⟨
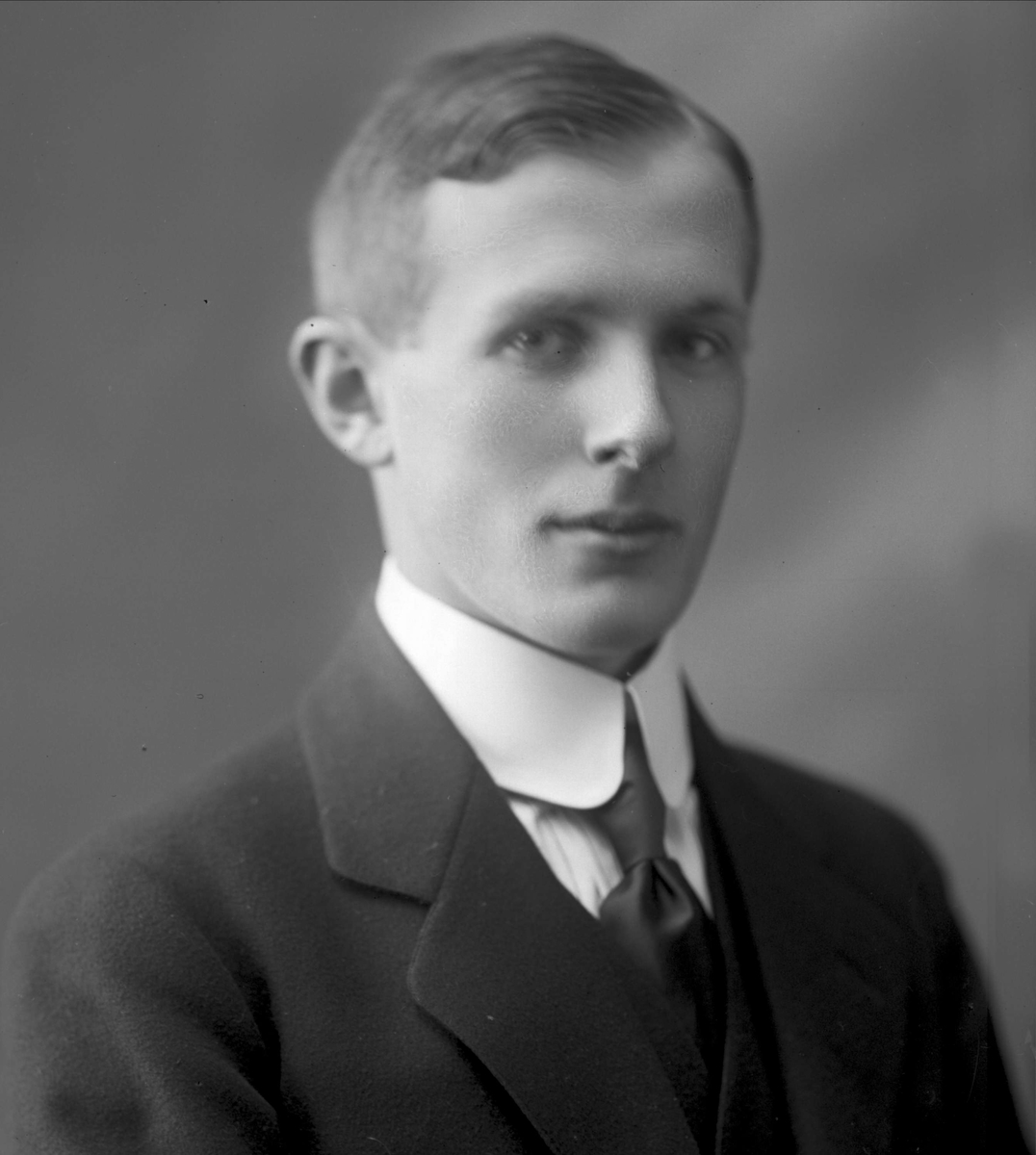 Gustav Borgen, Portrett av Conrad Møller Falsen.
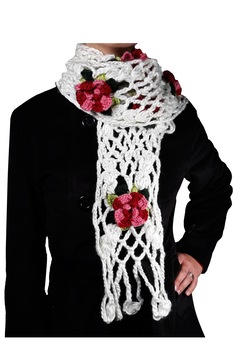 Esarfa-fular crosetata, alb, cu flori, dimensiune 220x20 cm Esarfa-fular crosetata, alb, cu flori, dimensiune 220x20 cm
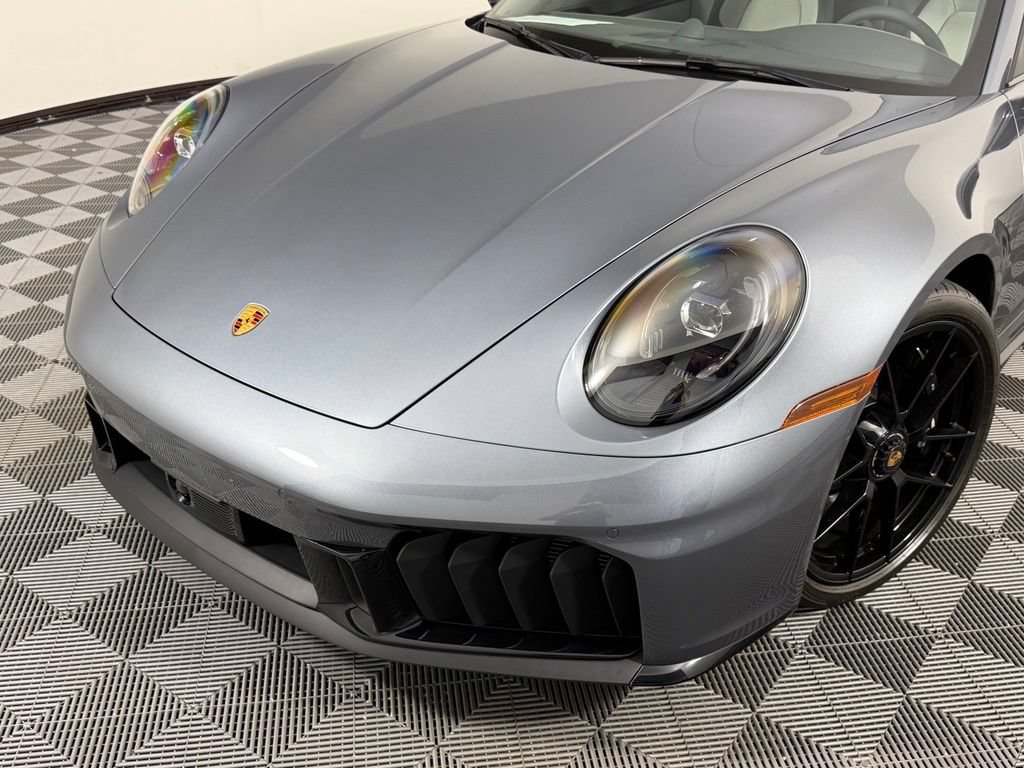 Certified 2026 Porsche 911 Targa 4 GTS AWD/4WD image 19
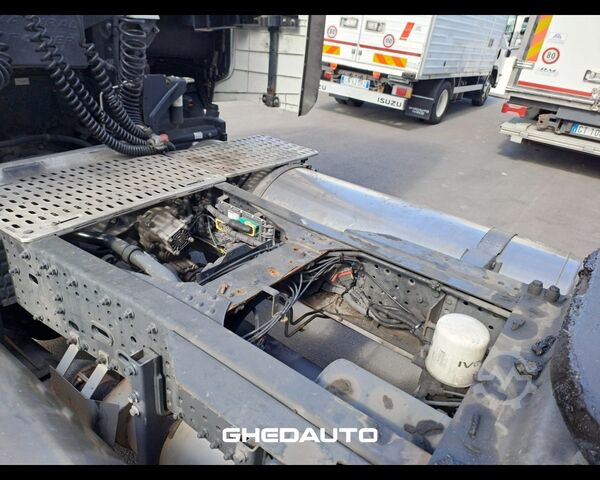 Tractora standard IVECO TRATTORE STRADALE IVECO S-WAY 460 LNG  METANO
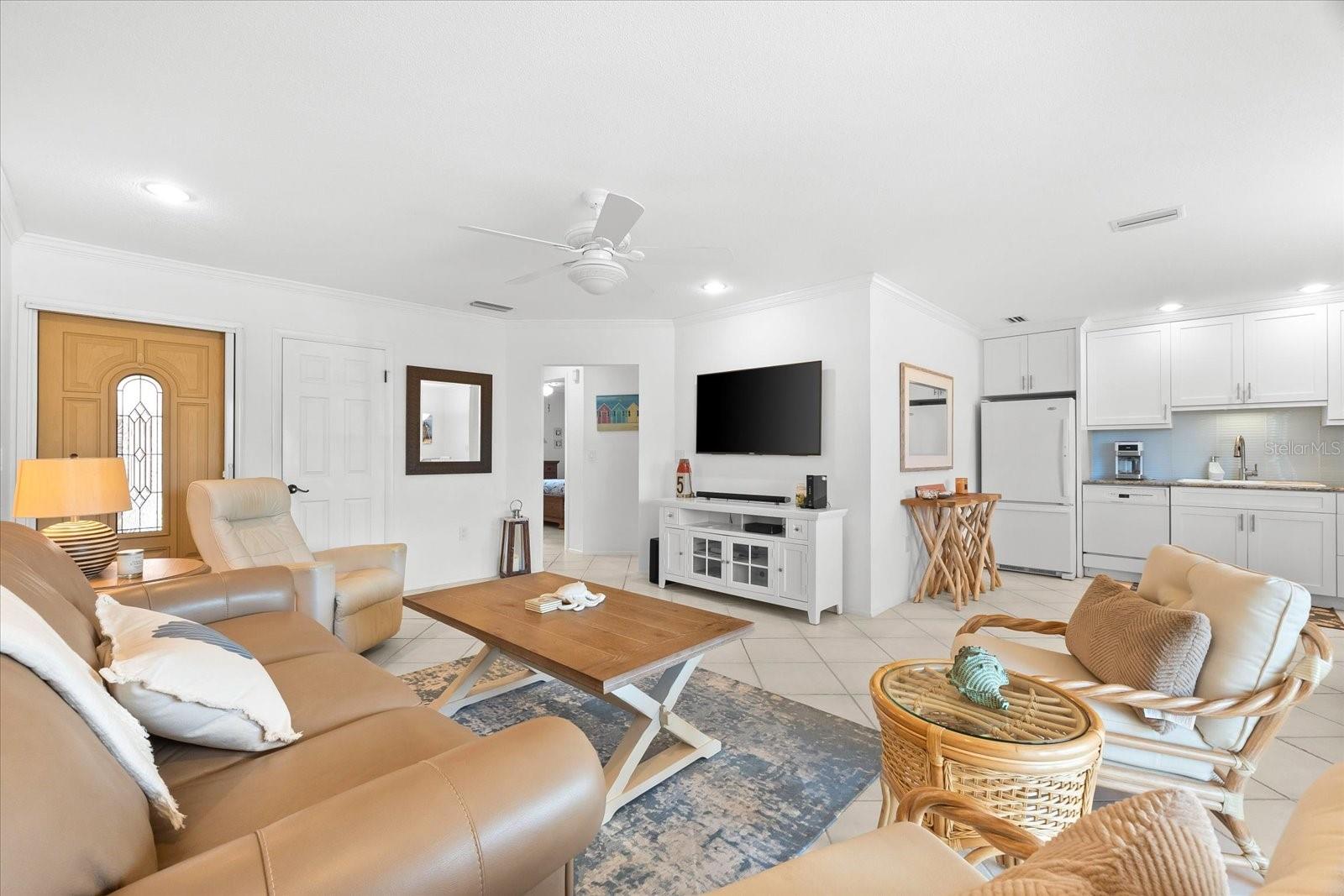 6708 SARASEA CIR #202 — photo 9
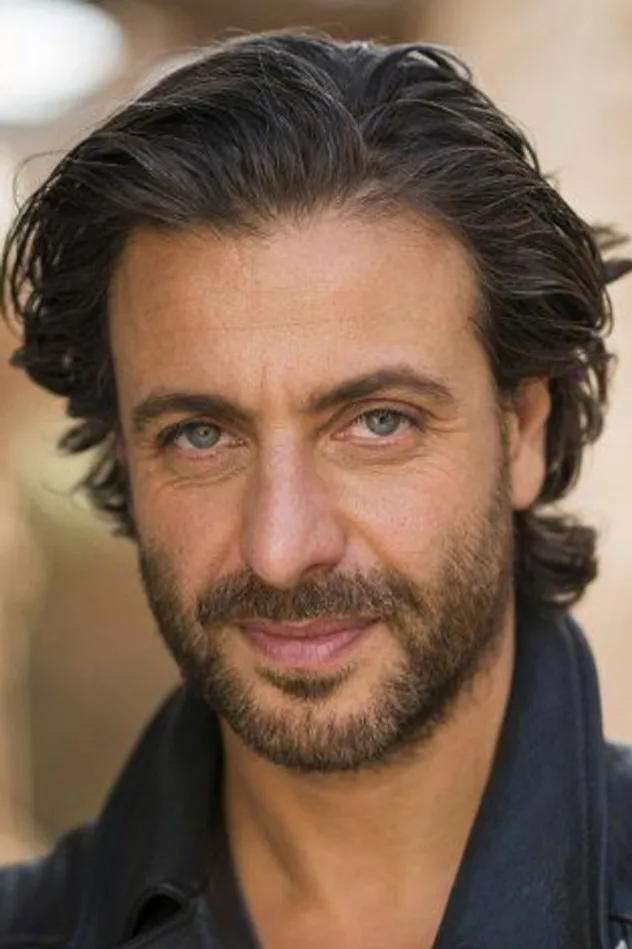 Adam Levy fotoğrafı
⟩
## Problem details
Nothing but the lines from the one holding "Certified 2026 Porsche" through the last line of the listing should appear in the answer, copied exactly and without pictures.

## Result of this exercise
 Certified 2026 Porsche 911 Targa 4 GTS AWD/4WD image 19
 Tractora standard IVECO TRATTORE STRADALE IVECO S-WAY 460 LNG  METANO
 6708 SARASEA CIR #202 — photo 9
 Adam Levy fotoğrafı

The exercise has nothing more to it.